Our open-ended approach allows us to capture all three dimensions without imposing them on respondents. The coding structure that emerges distinguishes between material ambitions, moral or religious aspirations, and navigational capacity.

A surprising result: Refugees show higher navigational capacity

The most striking finding challenges conventional assumptions about refugees. Rohingya refugees have dramatically lower education levels than Bangladeshi hosts, averaging 1.9 versus 4.9 years of schooling. Based on education alone, one would expect refugees to have lower capacity to achieve their aspirations.

Yet across multiple indicators, refugees consistently display higher navigational capacity. They provide fewer vague or non-specific responses when describing how they will pursue goals, rely less exclusively on divine intervention, articulate obstacles more concretely, and are less likely to cite lack of money as an insurmountable barrier.

These patterns suggest a form of migrant selection that standard measures miss. Previous work has focused largely on education and formal skills. Our findings point to different capabilities: refugees who survive violence, navigate dangerous journeys, and secure refuge may be selected on resilience, adaptability, and problem-solving ability – traits not captured by schooling. Despite lower formal education, refugees may therefore exhibit greater navigational capacity.

Figure 3: Regression coefficients showing refugees have lower rates of low navigational capacity across multiple dimensions, despite lower education

Regression coefficients showing refugees have lower rates of low navigational capacity across multiple dimensions, despite lower education

Policy implications for refugees

These findings have direct policy relevance. Refugee programmes often focus on deficits in education, skills, or material resources. While these gaps are real, our evidence suggests that refugee populations also possess significant strengths. Policies may be more effective if they recognise and build on refugees’ existing agency and problem-solving capacity, rather than treating them solely as passive recipients of assistance.

Our interviews also reveal that aspirations extend beyond material goals. About 22% of parents express explicitly religious aspirations for their children, while 33% articulate secular moral aspirations. We also observe gendered patterns: parents are less likely to express either type of aspiration for daughters. These dimensions would be difficult to identify using standard survey instruments.

Beyond aspirations

Although we illustrate the method using aspirations, its applicability is broad. Research on well-being, social norms, discrimination, integration, or cultural change often involves concepts that are culturally specific, difficult to anticipate in advance, and better understood as processes or capabilities than as simple states.

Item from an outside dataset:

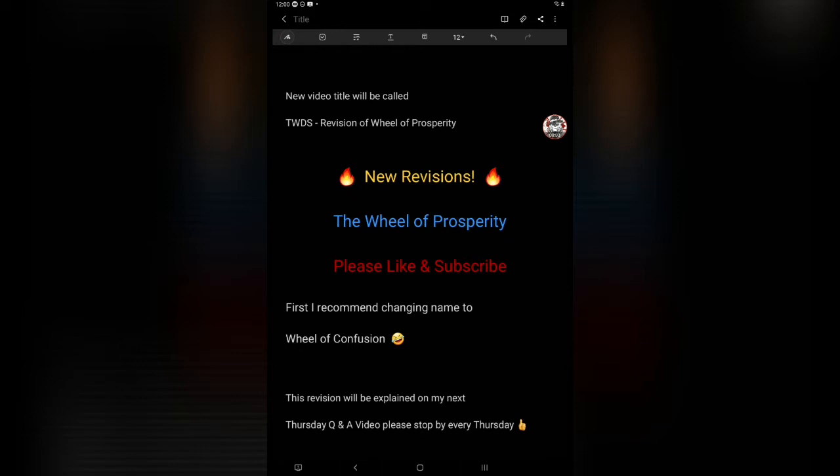Hello everybody, this is Baron a Bear and it's going to be another video guide for The Walking Dead Survivors mobile game. This is actually going to be a new revision for the Wheel of Prosperity. So please like and subscribe for future content. I'm going to try to keep this video short as I can to change the corrections that the errors I made. The new video title will be called The Walking Dead Survivors Revision of Wheel of Prosperity.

In such contexts, imposing prespecified categories risks distorting what researchers seek to measure.

Our validation exercises show that the method is robust: machine annotation does not introduce systematic bias, enhanced samples yield more precise estimates than human coding alone, and relatively modest human coding effort can be scaled effectively.

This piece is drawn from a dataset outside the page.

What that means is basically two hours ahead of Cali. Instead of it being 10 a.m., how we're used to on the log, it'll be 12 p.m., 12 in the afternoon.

As economics increasingly engages with questions about how people think, what they value, and how they navigate their social worlds, methods are needed that capture nuance without sacrificing rigour. Our approach scales traditional qualitative analysis while remaining grounded in context, bridging the gap between the richness of real conversations and the statistical evidence needed to inform policy.

References

Appadurai, A (2004), “The capacity to aspire: Culture and the terms of recognition,” in Culture and Public Action, V Rao and M Walton (eds.), Stanford University Press: 59–84.

Ashwin, J, A Chhabra, and V Rao (2025), “Using large language models for qualitative analysis can introduce serious bias,” Sociological Methods & Research, 00491241251338246.

Ashwin, J, V Rao, M Biradavolu, A Chhabra, A Haque, A Khan, and N Krishnan (2026), “Qualitative analysis with large-N: A new method with an application to aspirations in Bangladesh,” Economic Journal, ueag005.

Callard, A (2018), Aspiration: The agency of becoming, Oxford University Press.

Genicot, G, and D Ray (2020), “Aspirations and economic behavior,” Annual Review of Economics, 12: 715–746.